What the task requires >>
From the first line of the data through the line containing "Dolce & Gabbana", return each line exactly.

Source records
|---|

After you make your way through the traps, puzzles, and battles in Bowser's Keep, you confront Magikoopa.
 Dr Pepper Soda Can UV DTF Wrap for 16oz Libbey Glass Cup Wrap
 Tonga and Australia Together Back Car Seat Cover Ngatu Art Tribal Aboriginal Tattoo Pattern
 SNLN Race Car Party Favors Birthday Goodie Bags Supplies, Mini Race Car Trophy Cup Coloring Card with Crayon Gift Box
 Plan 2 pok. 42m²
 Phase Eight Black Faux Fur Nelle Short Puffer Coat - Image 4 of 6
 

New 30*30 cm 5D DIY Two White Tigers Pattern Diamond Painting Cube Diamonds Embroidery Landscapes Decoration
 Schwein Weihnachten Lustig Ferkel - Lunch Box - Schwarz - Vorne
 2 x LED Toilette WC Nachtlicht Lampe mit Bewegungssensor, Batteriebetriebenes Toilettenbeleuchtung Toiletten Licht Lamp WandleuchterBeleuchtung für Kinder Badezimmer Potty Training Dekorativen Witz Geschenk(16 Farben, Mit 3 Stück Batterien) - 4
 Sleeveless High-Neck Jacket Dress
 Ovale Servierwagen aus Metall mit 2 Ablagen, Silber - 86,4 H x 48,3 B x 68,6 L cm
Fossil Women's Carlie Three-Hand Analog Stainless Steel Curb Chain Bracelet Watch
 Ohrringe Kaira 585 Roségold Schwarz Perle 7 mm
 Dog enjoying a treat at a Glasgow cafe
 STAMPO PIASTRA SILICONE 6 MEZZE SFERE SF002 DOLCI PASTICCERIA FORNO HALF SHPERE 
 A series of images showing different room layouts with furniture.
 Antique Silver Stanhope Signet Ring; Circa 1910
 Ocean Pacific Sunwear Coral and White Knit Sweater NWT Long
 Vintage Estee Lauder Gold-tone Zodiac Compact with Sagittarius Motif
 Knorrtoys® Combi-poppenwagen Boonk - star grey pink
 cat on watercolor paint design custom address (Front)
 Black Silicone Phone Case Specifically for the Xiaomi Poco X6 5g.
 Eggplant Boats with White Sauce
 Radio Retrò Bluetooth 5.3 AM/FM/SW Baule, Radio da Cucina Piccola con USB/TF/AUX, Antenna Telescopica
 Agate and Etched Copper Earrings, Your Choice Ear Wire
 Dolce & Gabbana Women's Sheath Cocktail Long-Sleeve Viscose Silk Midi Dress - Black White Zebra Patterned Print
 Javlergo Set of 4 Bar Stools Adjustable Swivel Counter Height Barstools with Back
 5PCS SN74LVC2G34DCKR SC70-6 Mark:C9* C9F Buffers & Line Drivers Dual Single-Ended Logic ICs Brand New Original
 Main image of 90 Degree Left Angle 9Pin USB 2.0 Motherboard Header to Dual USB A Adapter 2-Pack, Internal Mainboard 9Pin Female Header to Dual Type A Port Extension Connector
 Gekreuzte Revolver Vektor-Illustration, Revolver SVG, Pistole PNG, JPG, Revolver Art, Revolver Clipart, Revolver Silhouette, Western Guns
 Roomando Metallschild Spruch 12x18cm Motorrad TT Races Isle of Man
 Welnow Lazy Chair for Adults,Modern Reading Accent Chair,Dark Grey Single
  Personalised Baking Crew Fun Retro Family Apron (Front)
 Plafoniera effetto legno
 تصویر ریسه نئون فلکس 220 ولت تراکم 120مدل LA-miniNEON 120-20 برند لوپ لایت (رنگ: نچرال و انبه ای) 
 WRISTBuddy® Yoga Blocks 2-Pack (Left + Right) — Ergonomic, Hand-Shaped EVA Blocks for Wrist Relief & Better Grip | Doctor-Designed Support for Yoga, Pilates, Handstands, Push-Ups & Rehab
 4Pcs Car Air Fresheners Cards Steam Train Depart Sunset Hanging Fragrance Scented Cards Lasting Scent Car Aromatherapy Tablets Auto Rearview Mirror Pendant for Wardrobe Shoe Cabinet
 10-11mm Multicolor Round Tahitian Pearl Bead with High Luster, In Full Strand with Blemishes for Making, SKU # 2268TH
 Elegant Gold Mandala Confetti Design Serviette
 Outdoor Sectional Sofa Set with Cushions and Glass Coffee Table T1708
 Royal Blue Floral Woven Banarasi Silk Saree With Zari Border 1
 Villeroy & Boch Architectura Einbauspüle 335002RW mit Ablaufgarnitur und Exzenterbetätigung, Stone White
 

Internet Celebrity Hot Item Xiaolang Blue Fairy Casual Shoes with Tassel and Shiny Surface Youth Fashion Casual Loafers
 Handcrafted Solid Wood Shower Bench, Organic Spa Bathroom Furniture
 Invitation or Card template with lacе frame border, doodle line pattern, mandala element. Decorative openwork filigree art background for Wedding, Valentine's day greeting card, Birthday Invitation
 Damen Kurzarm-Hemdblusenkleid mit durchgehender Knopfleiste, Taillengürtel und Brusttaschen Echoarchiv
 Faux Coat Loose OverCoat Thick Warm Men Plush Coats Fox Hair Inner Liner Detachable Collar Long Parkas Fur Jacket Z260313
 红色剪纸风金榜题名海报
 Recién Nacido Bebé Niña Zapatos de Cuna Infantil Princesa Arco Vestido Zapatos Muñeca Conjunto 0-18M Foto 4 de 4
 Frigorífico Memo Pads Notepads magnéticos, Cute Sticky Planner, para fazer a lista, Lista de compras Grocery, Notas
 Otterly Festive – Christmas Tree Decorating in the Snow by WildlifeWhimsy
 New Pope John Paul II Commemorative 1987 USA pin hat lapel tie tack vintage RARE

|---|

Answer box >>
After you make your way through the traps, puzzles, and battles in Bowser's Keep, you confront Magikoopa.
 Dr Pepper Soda Can UV DTF Wrap for 16oz Libbey Glass Cup Wrap
 Tonga and Australia Together Back Car Seat Cover Ngatu Art Tribal Aboriginal Tattoo Pattern
 SNLN Race Car Party Favors Birthday Goodie Bags Supplies, Mini Race Car Trophy Cup Coloring Card with Crayon Gift Box
 Plan 2 pok. 42m²
 Phase Eight Black Faux Fur Nelle Short Puffer Coat - Image 4 of 6
 

New 30*30 cm 5D DIY Two White Tigers Pattern Diamond Painting Cube Diamonds Embroidery Landscapes Decoration
 Schwein Weihnachten Lustig Ferkel - Lunch Box - Schwarz - Vorne
 2 x LED Toilette WC Nachtlicht Lampe mit Bewegungssensor, Batteriebetriebenes Toilettenbeleuchtung Toiletten Licht Lamp WandleuchterBeleuchtung für Kinder Badezimmer Potty Training Dekorativen Witz Geschenk(16 Farben, Mit 3 Stück Batterien) - 4
 Sleeveless High-Neck Jacket Dress
 Ovale Servierwagen aus Metall mit 2 Ablagen, Silber - 86,4 H x 48,3 B x 68,6 L cm
Fossil Women's Carlie Three-Hand Analog Stainless Steel Curb Chain Bracelet Watch
 Ohrringe Kaira 585 Roségold Schwarz Perle 7 mm
 Dog enjoying a treat at a Glasgow cafe
 STAMPO PIASTRA SILICONE 6 MEZZE SFERE SF002 DOLCI PASTICCERIA FORNO HALF SHPERE 
 A series of images showing different room layouts with furniture.
 Antique Silver Stanhope Signet Ring; Circa 1910
 Ocean Pacific Sunwear Coral and White Knit Sweater NWT Long
 Vintage Estee Lauder Gold-tone Zodiac Compact with Sagittarius Motif
 Knorrtoys® Combi-poppenwagen Boonk - star grey pink
 cat on watercolor paint design custom address (Front)
 Black Silicone Phone Case Specifically for the Xiaomi Poco X6 5g.
 Eggplant Boats with White Sauce
 Radio Retrò Bluetooth 5.3 AM/FM/SW Baule, Radio da Cucina Piccola con USB/TF/AUX, Antenna Telescopica
 Agate and Etched Copper Earrings, Your Choice Ear Wire
 Dolce & Gabbana Women's Sheath Cocktail Long-Sleeve Viscose Silk Midi Dress - Black White Zebra Patterned Print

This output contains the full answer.